The project Sitio is also a response to Adolf Max Vogt's thesis developed in his book Le Corbusier The Noble Savage (2003) where he suggests that the architect Le Corbusier was certainly influenced by lake dwellings on piles discovered in Switzerland during his childhood, he traces back the invention of pilotis no to high rationalism as argued by Le Corbusier but to childhood memories of these dwellings permeated by imagination and fantasy. Taking this into account, Sitio will establish a dialogue with the sometimes hidden fascination modernism had with primitivism and its simple and “expressionist” spirit.

It is worth mentioning here that the leading thread of the exhibition is the concept of weaving present in all the pieces in the exhibition. We see weaving as a primeval cultural asset and as the quintessential way of giving structure to something and in that sense as a clear precedent to architecture.

Apart from Destinerrance the other pieces are; Tapis (Rugs) intended for the floor of the Villa's living spaces realized according to the dyes, fabrics and techniques of indigenous communities from southern Mexico and Cosmogonie suspendue, a weaved floating ceiling manufactured according to Mayan techniques and materials but structured through more sophisticated engineering. This piece will be suspended above the terrace of the Villa and would reveal the patterns used by this Indigenous community to represent the cosmos.

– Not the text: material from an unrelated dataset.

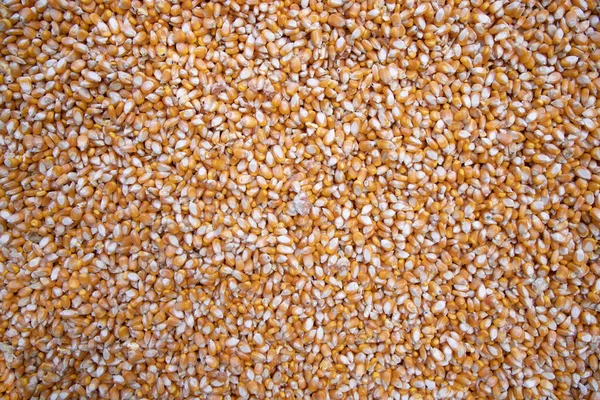 Organické Kukuřice Semena Vzor Textura Lze Použít Jako Pozadí Tapety — Stock fotografie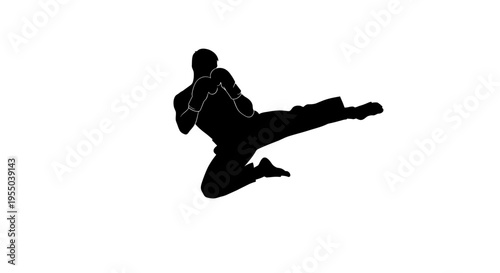 Black Silhouette of a Martial Artist Performing a Flying Kick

Finally, we believe it is worth asking if the Villa Savoye is just meant to be a penetrable Sculpture or if its existence can still raise more questions than just praise. What is really Le Corbusier’s legacy and how do we handle and preserve this cultural heritage? In our point of view, they are essential to this project the ideas of translation and displacement, of exchange and contamination, of pollination or dissemination, that can embody new approaches to cultural globalization. For this purpose we have also developed privileged partnerships with several organizations, in particular with the Mexican National Park of Sian Ka'an in the Yucatan Riviera that guards and protects the Chiit palms used to thatch the palapas, a group of Mayan palaperos, and the French Architecture School of la Villette. In this same spirit, the project includes the creation of a physical, perennial and natural bond between a Mexican site (Preserved site of Sian Ka' An) and the botanical garden of Marseille thanks to the plantation of seeds from Chiit's palm trees, now in extinction. These works will affirm the relevance of the integration of local ancestral ways of making things (probably condemned to disappear), and a more global contemporary discourse, that looks into the future.